For me personally, my ways of seeking freedom started off as “casual”; when someone hurt me, I would turn to drugs or sex or slander, to get a false sense of pride and contentment. For me, this is what seemed casual, but I did not know that this wasn’t normal. Then it quickly escalated. What began as temporary satisfaction and avoidance, turned into addictions that led down a dark and traumatizing path. By the age of 13, I was having sex. By the age of 15, I was smoking marijuana and drinking. By the age of 17, I was doing all of those same things but also harder drugs like cocaine and ecstasy. By the age of about 18, I was a promiscuous, drug dealing, drug addicted, abuse victim.
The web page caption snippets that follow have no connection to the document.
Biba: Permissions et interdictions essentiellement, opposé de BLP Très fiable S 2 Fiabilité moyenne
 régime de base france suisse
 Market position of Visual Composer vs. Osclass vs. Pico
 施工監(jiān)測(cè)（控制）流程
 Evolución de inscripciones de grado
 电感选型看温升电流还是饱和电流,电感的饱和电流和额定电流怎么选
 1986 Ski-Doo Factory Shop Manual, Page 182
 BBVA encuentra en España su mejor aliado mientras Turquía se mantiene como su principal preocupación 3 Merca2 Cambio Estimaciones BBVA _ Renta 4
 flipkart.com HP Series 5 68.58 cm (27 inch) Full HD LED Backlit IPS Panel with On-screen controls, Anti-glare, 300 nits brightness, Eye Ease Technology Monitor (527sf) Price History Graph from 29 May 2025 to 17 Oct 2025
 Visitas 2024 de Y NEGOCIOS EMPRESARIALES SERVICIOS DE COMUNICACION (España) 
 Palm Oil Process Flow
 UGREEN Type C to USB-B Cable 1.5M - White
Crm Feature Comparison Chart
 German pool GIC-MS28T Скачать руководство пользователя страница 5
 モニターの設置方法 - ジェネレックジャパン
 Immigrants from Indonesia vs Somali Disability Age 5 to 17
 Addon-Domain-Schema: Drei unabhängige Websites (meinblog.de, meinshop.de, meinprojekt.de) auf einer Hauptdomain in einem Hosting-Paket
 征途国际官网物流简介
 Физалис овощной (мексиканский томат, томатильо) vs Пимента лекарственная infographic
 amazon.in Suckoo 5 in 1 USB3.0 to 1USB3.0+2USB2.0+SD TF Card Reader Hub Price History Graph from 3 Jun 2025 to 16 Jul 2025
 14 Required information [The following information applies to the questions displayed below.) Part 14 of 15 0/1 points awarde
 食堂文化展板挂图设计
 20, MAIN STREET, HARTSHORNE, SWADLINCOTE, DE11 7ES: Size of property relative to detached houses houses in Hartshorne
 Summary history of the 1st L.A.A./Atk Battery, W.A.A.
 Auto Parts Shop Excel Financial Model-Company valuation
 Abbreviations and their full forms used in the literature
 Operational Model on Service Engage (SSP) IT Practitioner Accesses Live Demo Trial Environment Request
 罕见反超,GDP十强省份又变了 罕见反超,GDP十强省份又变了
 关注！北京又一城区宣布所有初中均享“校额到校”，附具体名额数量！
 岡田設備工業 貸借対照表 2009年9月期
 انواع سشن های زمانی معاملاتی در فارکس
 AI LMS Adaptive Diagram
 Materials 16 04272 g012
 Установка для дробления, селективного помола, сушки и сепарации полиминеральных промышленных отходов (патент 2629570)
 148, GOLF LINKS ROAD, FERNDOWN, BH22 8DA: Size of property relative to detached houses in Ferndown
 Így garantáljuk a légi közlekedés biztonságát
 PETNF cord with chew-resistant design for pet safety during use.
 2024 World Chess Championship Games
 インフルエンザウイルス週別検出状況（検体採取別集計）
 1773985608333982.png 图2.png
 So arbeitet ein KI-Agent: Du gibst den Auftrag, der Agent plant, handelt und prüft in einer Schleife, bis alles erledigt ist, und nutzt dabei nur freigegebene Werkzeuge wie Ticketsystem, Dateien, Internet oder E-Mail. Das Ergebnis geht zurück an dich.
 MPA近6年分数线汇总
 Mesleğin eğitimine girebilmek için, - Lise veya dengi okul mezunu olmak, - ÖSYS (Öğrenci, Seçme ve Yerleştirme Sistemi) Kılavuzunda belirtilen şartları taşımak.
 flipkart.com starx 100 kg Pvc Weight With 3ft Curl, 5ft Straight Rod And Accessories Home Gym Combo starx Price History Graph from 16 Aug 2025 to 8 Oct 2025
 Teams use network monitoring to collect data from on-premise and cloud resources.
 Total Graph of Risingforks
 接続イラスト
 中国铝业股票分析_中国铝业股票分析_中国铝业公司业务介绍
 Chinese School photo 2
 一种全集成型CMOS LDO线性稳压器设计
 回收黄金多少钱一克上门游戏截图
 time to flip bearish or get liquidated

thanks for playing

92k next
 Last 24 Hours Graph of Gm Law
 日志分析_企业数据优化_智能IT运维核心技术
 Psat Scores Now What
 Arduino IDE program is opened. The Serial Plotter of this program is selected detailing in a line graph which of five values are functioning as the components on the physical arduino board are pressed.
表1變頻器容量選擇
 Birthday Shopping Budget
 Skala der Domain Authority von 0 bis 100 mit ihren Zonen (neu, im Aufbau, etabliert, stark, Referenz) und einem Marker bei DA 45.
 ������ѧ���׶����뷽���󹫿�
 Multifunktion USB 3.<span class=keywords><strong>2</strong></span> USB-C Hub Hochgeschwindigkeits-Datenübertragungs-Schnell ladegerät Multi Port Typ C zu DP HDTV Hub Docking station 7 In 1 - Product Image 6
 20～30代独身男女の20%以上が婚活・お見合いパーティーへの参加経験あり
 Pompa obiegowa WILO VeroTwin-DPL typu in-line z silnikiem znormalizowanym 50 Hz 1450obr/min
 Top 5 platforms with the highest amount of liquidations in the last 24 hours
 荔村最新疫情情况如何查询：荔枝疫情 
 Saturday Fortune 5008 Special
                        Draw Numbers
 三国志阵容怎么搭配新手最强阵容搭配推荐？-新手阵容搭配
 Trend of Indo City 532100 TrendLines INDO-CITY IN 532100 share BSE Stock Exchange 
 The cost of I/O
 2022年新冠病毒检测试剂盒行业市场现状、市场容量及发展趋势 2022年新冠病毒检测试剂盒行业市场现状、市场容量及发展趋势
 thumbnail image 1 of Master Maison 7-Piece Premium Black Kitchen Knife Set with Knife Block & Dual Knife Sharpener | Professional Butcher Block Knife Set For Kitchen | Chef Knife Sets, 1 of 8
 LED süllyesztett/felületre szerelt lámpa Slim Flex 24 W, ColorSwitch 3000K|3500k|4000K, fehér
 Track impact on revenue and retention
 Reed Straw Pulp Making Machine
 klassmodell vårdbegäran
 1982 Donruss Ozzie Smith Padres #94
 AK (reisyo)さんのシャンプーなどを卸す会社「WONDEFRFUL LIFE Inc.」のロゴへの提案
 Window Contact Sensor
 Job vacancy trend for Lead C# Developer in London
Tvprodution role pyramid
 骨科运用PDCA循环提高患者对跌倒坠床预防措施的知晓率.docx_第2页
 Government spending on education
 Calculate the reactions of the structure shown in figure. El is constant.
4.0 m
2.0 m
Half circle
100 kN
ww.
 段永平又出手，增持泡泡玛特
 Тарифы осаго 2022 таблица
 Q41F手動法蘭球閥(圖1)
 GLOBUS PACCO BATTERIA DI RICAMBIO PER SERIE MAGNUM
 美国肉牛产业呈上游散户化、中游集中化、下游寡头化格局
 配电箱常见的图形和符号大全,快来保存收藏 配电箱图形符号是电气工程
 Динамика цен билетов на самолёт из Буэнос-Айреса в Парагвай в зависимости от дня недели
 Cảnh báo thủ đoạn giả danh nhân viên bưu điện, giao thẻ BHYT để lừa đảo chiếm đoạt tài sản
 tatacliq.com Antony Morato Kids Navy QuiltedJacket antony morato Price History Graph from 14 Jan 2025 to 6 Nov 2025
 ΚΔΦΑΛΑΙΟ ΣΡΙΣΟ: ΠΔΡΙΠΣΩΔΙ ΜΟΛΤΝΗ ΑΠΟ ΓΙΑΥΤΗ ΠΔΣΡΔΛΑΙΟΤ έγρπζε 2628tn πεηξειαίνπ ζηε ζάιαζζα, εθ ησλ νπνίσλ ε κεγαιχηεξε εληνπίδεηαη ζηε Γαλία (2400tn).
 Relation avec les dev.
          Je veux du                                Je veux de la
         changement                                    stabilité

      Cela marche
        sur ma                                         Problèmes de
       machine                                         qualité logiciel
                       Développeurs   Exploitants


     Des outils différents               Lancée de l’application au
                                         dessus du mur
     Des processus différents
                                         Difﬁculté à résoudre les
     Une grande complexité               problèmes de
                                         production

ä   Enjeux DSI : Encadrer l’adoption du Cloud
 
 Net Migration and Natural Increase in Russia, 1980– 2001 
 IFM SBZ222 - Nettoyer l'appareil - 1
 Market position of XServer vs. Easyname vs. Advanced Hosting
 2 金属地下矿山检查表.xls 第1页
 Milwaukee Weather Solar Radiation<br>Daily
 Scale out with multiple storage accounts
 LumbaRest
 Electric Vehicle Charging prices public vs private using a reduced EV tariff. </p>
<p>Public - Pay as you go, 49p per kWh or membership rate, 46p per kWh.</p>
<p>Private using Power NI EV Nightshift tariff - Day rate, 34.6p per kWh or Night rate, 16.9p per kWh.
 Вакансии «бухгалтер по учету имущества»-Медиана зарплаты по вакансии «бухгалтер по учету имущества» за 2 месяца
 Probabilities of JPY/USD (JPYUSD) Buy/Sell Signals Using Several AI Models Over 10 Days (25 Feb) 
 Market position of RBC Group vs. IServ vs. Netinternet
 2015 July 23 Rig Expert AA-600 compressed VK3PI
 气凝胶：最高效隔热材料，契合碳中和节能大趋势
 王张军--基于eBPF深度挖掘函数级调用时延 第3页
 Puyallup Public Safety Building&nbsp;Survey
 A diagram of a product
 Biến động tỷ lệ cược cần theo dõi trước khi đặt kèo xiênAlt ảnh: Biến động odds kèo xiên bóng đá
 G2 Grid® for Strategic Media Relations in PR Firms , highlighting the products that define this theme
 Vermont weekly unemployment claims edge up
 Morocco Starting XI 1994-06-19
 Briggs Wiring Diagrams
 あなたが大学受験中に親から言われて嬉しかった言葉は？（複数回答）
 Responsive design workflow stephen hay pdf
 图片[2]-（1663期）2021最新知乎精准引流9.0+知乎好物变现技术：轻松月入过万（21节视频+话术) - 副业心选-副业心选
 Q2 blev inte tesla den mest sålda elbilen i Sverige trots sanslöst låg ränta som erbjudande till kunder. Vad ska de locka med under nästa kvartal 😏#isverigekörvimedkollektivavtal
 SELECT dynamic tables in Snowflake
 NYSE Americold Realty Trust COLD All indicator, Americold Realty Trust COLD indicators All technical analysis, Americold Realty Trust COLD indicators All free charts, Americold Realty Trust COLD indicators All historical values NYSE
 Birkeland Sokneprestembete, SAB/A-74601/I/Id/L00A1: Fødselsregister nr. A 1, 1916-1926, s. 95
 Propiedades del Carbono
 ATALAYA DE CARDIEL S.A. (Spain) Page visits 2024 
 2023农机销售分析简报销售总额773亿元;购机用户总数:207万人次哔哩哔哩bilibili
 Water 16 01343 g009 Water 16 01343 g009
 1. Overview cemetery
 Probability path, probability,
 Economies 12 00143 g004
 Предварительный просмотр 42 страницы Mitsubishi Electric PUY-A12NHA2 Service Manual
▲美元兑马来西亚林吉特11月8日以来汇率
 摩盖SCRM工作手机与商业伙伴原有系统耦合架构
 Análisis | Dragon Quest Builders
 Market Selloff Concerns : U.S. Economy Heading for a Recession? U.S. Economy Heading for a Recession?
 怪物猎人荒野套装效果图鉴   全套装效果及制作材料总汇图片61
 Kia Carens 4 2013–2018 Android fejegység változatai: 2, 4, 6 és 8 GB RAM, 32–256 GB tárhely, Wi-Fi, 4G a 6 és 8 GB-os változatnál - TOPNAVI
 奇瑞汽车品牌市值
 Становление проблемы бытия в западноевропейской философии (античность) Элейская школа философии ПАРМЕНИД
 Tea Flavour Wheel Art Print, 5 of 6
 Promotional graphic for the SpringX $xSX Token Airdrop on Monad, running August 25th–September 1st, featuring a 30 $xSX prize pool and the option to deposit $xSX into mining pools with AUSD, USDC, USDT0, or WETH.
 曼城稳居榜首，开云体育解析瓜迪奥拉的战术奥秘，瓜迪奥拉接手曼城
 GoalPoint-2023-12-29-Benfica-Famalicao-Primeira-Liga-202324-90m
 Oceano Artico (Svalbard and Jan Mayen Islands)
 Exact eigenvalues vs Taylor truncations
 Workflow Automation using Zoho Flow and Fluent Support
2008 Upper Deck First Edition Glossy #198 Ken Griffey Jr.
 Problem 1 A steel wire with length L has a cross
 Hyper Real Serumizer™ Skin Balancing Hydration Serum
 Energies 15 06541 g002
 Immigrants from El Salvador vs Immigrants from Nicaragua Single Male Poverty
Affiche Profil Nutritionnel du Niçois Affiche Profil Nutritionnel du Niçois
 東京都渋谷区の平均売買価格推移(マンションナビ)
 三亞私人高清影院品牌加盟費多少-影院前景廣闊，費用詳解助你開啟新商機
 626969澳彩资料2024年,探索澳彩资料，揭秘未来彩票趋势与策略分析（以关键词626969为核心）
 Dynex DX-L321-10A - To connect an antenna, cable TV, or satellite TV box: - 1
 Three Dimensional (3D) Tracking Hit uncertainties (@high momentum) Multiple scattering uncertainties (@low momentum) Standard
By the age of 20, I was a lesbian. And so how did a young girl, from a Christ-centered, family end up so lost and so broken?
When I was young, I used to dress up as a boy. It may seem like a simple statement, but really it was a deep internal struggle. Psychologists would call what I dealt with, Gender Dysphoria, where I believed in my heart, soul and mind that I should have been born a boy. I had no concept of how to be a girl. Femininity was far beyond my understanding. I dressed like a boy, talked like a boy, walked like a boy, sat like a boy, and acted like a boy. It was so bad, that I could not even look in the mirror without feeling uncomfortable with my identity. I remember constantly holding my hair back, so that I could see what I would look like with a shaved head. All this was going on, and yet I did not understand that my personality didn’t equal my sexuality. I did not understand what I was feeling or how to process it.
We will dive into that much deeper, but for now, just know that this confusion about my identity, ended up making me believe that the key to freedom was achievable by finding “my truth.” What began at a young age, transformed into a life where I was abused, confused, abandoned, mistreated, mostly because of my lack of identity and self-worth. I never told anyone what I was dealing with, because I feared rejection. On top of that, no one ever stopped to talk to me about what was going on; everyone just either ignored the obvious signs, or tried to change me into someone that I was not.
This book is my story. It is a story full of abuse, drug addiction, mental health illness, promiscuity, and homosexuality. My goal of sharing my story with you, is to spread the message that God loves everyone, no matter who they are or where they are at in life. Another main goal is that we will begin to bridge the communication gap between the LGBTQ community and the church. I hope to create a desire for everyone who reads this to know God more, to love deeper, and to listen and communicate with others better. Our generation is on a search for truth and freedom; I hope that this book will start a movement to direct our generation onto the right path. I pray that understanding and communication will evolve, and the heart of Jesus will prevail. I am going to expose my innermost thoughts and life events. I pray that as I do so, you have a personal encounter with the Spirit of God. May He refine you, teach you, guide you and leave you in a state of awe and wonder. May you find everlasting joy and true freedom, from a free gift; a free Spirit; the Holy Spirit.